→ Data block
+ + + + + + +

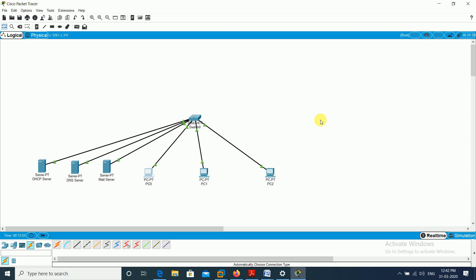So what we have discussed in today's lecture: what is the DHCP server, what is the DNS server, and what is the mail server. For your home assignment: create a network with two different mail servers — one named Gmail and one named Yahoo Mail. Take two PCs, configure one as Gmail and one as Yahoo, and communicate between Gmail and Yahoo. Use your brain! If you have any query, use Google Classroom or call me. Thank you.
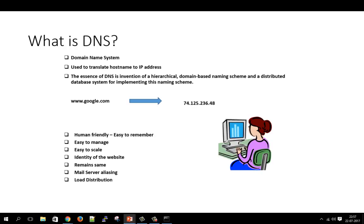DNS is easier to manage and scale. Behind an IP address there might be many servers acting, and if you want to change the IP address or upgrade your system, the domain name like google.com remains the same. It's also useful for mail server aliasing — something like vivek@google.com is much easier than vivek@74.125.236.48. DNS is also useful in load distribution, as the same domain name can have multiple A records.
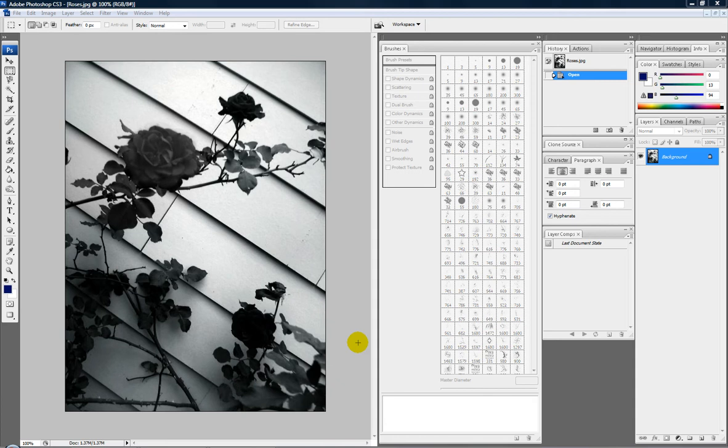this is an add-on to one of my other videos, just how to fade photo edges, but that was only with white, and I'm going to show you how to do it with other colors. Same concept, really easy. Now I'm going to use this photo, which is an awesome picture, I must say, taken by one of my friends.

+ + + + + + +

→ Exercise details
Please give the data again unaltered, leaving out any images.

→ Solution below
So what we have discussed in today's lecture: what is the DHCP server, what is the DNS server, and what is the mail server. For your home assignment: create a network with two different mail servers — one named Gmail and one named Yahoo Mail. Take two PCs, configure one as Gmail and one as Yahoo, and communicate between Gmail and Yahoo. Use your brain! If you have any query, use Google Classroom or call me. Thank you.
DNS is easier to manage and scale. Behind an IP address there might be many servers acting, and if you want to change the IP address or upgrade your system, the domain name like google.com remains the same. It's also useful for mail server aliasing — something like vivek@google.com is much easier than vivek@74.125.236.48. DNS is also useful in load distribution, as the same domain name can have multiple A records.
this is an add-on to one of my other videos, just how to fade photo edges, but that was only with white, and I'm going to show you how to do it with other colors. Same concept, really easy. Now I'm going to use this photo, which is an awesome picture, I must say, taken by one of my friends.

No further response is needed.